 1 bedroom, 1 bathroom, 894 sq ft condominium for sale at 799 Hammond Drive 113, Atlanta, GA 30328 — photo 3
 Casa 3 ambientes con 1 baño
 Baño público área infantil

---

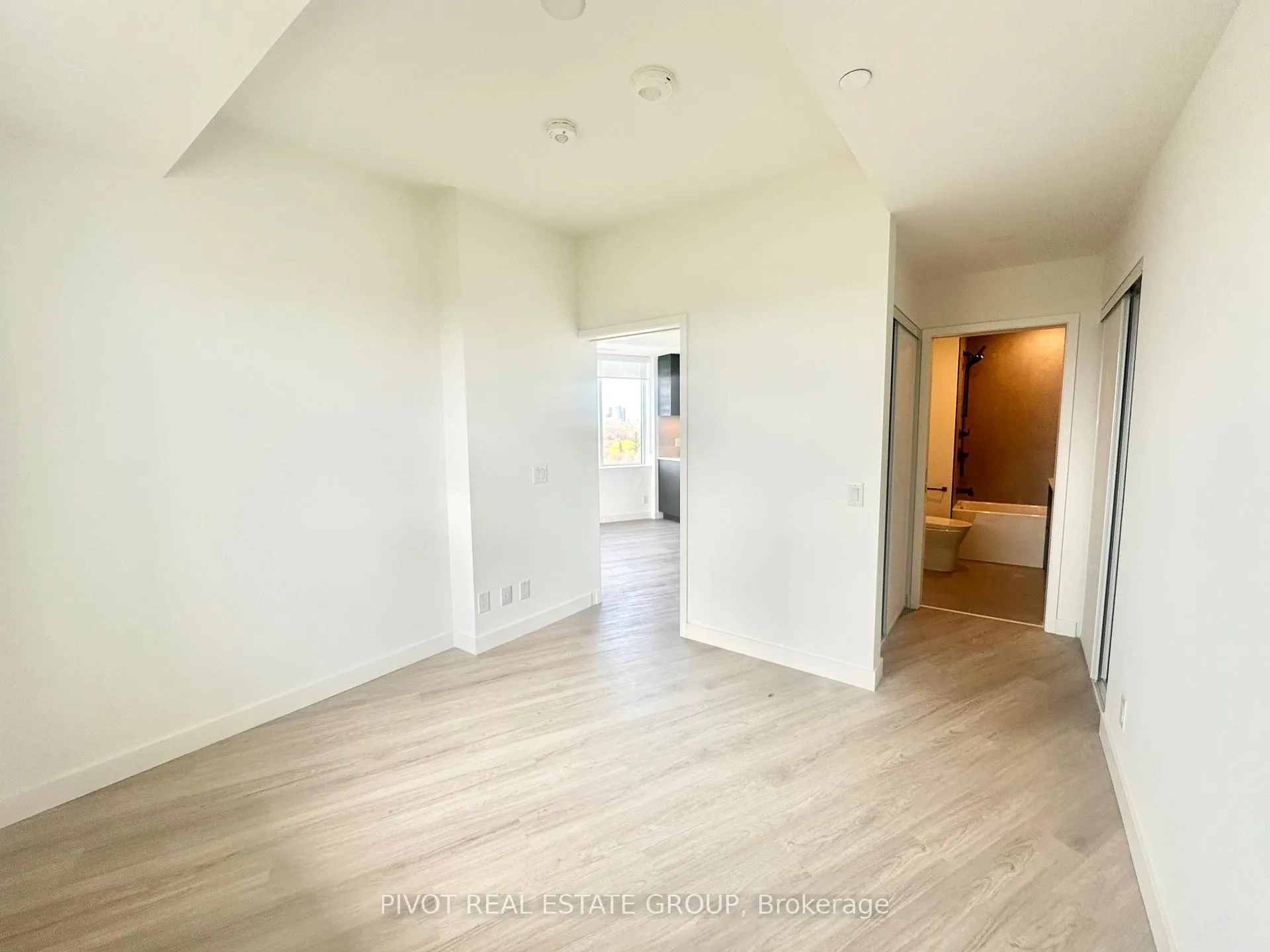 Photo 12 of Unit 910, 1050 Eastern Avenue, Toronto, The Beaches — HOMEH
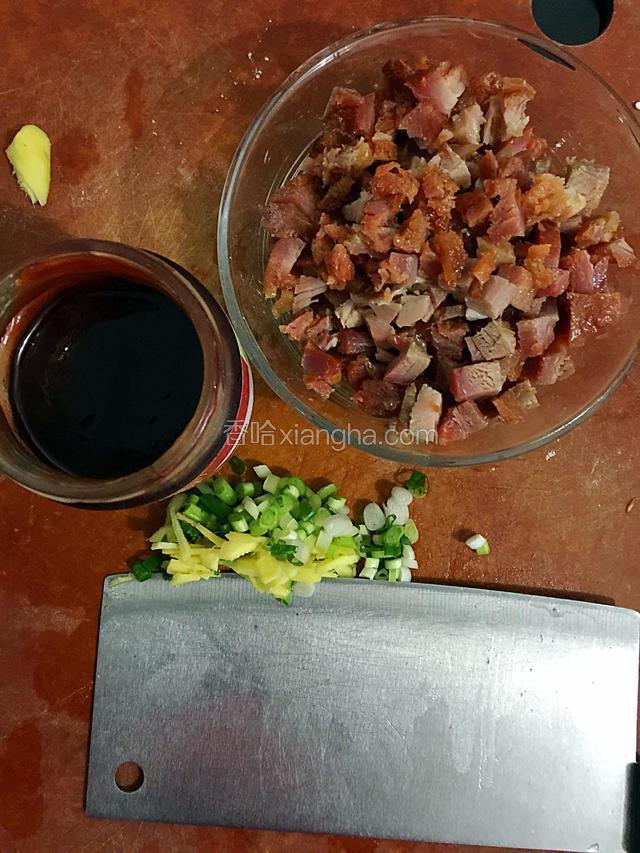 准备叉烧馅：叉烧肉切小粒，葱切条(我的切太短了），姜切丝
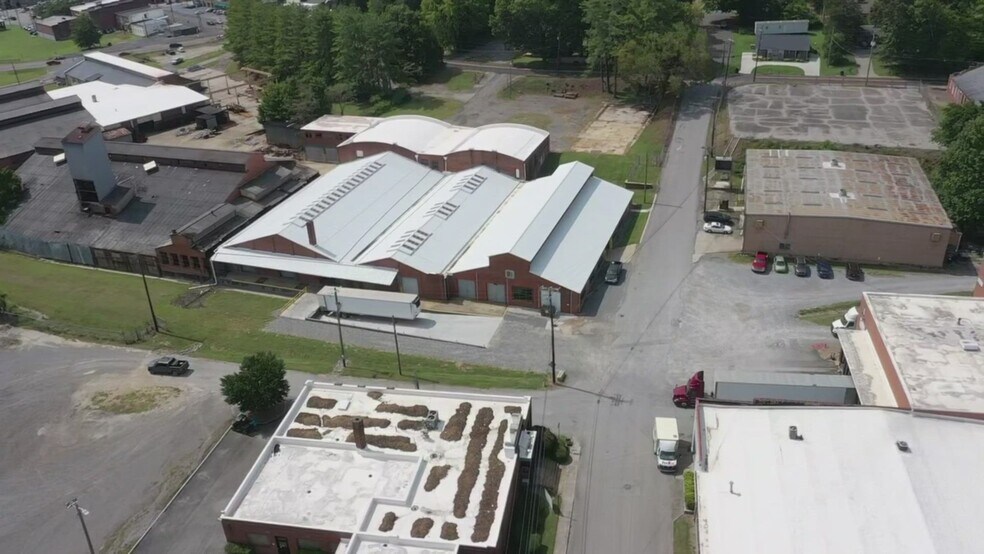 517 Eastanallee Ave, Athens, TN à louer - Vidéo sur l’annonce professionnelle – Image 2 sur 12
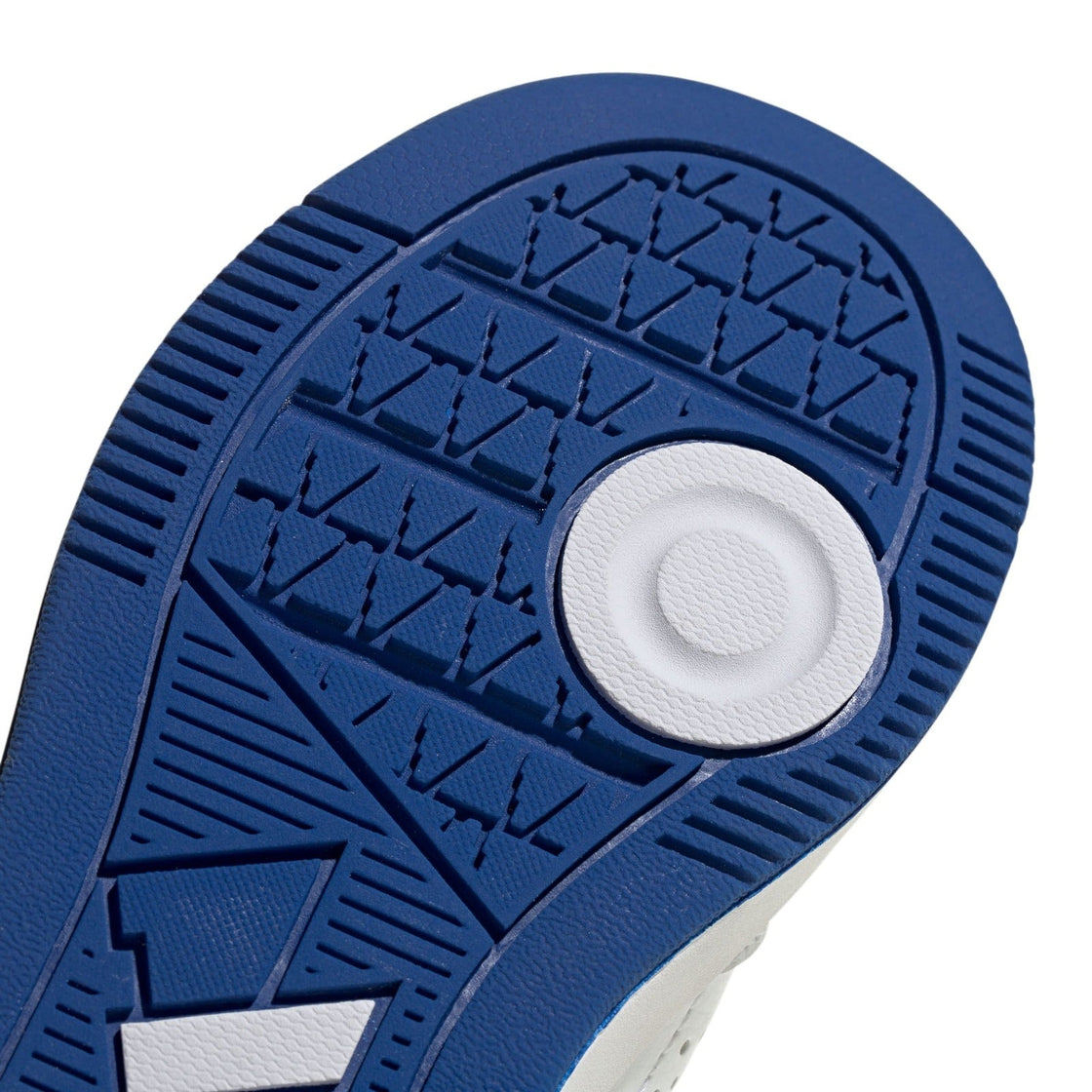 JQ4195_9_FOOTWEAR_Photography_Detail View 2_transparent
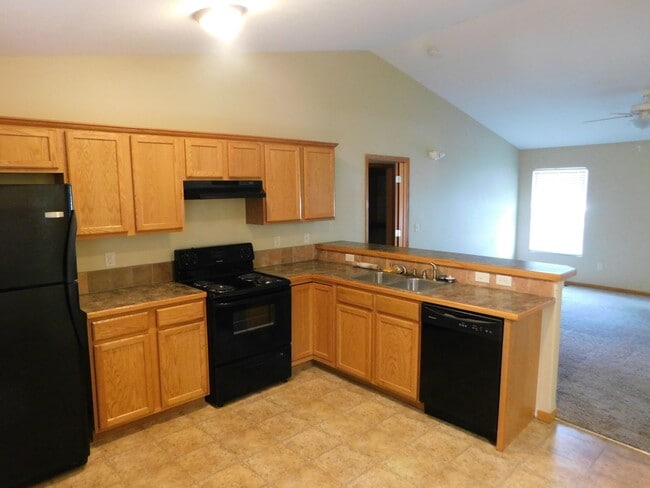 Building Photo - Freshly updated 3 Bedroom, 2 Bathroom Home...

● **TASK OBJECTIVE**: Using the listing above, restate exactly the range between the lines holding "JQ4195_9_FOOTWEAR_Photography_Detail View 2_transparent" and "Building Photo - Freshly", inclusive, with pictures left out.

● **SOLVED PROBLEM**:
 JQ4195_9_FOOTWEAR_Photography_Detail View 2_transparent
 Building Photo - Freshly updated 3 Bedroom, 2 Bathroom Home...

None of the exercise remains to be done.